One of them - the one involving centres - I could recognise because it's evident to me that if you want to work out the sizes of gears, and you know the ratio, you can divide the distance up by the ratio and you know the size of the gears. I think there's a squared term involved...

So. Naively, I worked out these centres myself, and came up with a monster gear size. So, naively, I concluded that a chain drive would be better. I gave Paul the figures, involving the motor's power (7.2kW) and he recommended a tooth pitch of 3/8ths-in, I think. Then, based on that, and a 5:1 gear ratio, a suitable large gear size came out at around 30cm diameter. EEK!. I had to say, uhm, that's way too big, can you go smaller, and he said, well yes, however you have to reduce the gear pitch. I thought to myself, I *feel* that's going to be a problem, but I couldn't tell why. Basically I think it means that the chain link size has to be smaller, therefore it might snap, under load from a 7.2kW motor... whoops. So, back to the straight gear arrangements.

Anyway. It looks like each gear-set, at 4:1, or 5:1 will be 100 quid, and around 6inch for the larger one and 1.5in for the smaller one. Yes, the large gear can fit onto a 60mm diameter shaft. I haven't told Paul yet that the diagrams I was reading from Lemco Ltd's site were actually for the LEM-170 yet :) None of the diagrams show the width of the shaft exactly, so I had to measure on-screen, on the jpeg image. I picked the wrong one...

Telephoned Lemco Ltd, left a message, to see if I could get some info on the motor shaft sizes, rather than trying to read them off the screen!

Feb 6 2002

Plan B... hmmm...

Haven't heard back from Lemco Ltd, must call again.

Emailed Mackay, am actually not expecting to hear back from them, I think I'll have to write them off... which is a pity: I have a lot of respect for Mackay's them being a well-established family firm.

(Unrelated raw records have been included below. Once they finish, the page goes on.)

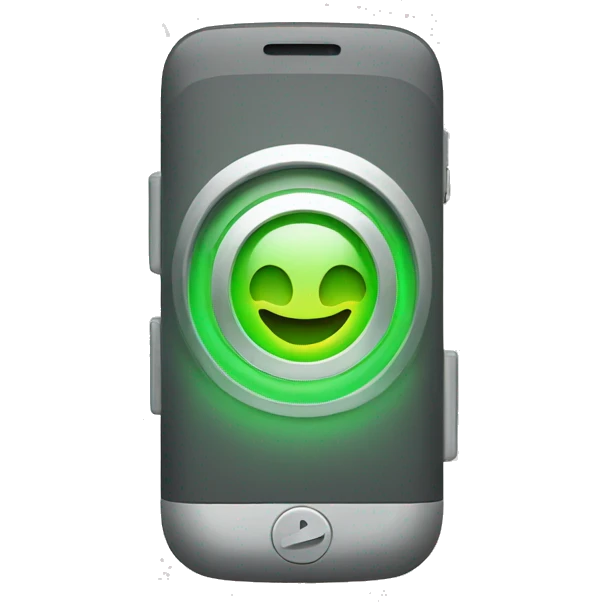 Mobile turning off emoji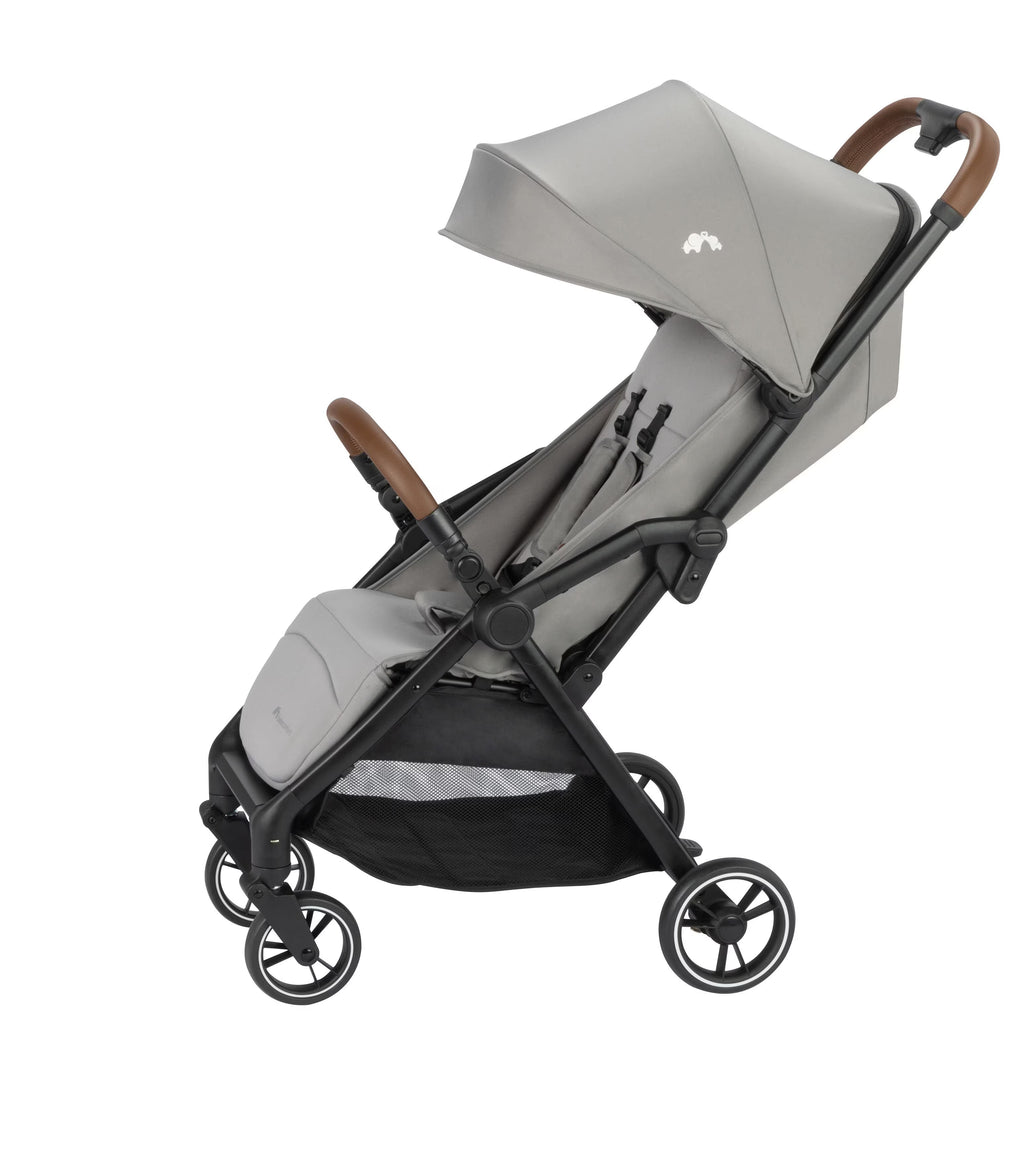 Bebe Confort Sunlite Stroller - Mineral Graphite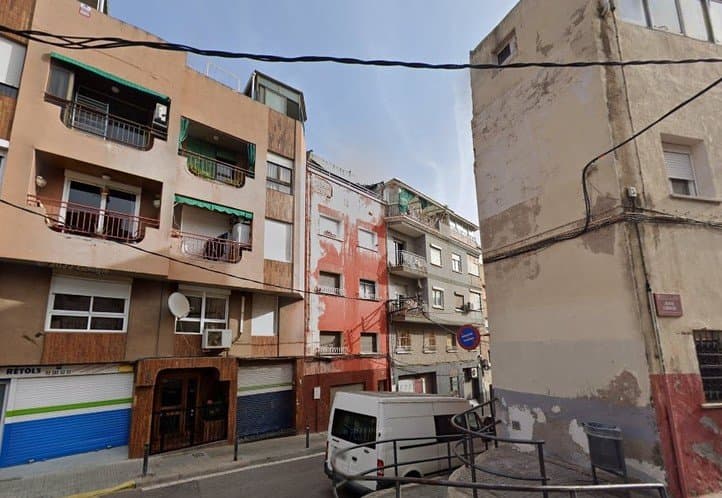 Vivienda en Barcelona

On the brighter side, just outside the house we're working on in Cambridge, I saw this beat-up old kit-looking car, sounding like a 5 litre monster on steroids. Talked to its owner (it actually started out - the car, not the owner - as a 20 year old Ford Escort, morphed into a Jeep, then the wooden body died on that (!) and got replaced by kit car parts) as, I figured that if he can do cars he could probably do a lot more.

And yes, he works at Cambridge Regional College. Yes, he could probably wangle access to the Engineering Dept by pretending it was his project, or maybe I could either get him interested in it, or better yet, as a couple of people have suggested, get the CRC interested.

He said he'd think about that one:)

Feb 9 2002

I want to build! I want to do! V. frustrating.

Seriously considered a 5-leg (no middle one) SpiderBall to save weight and money. Then I spoiled it by looking up LEM-170 motors and using 10% larger leg diameters..

Feb 10 2002

4QD's page advises that the Schiller Group have a design for a very powerful motor. I emailed them and got a message back, cool! Helmutt designs motors and licenses the designs - no manufacturing. ... So I would have to find out how to manufacture a motor!

Feb 17 2002

Helmut Schiller sent me some diagrams. Went to visit an Engineering (CNC Tools) company yesterday, v. exciting. Could produce enough motors from this design to fund the project!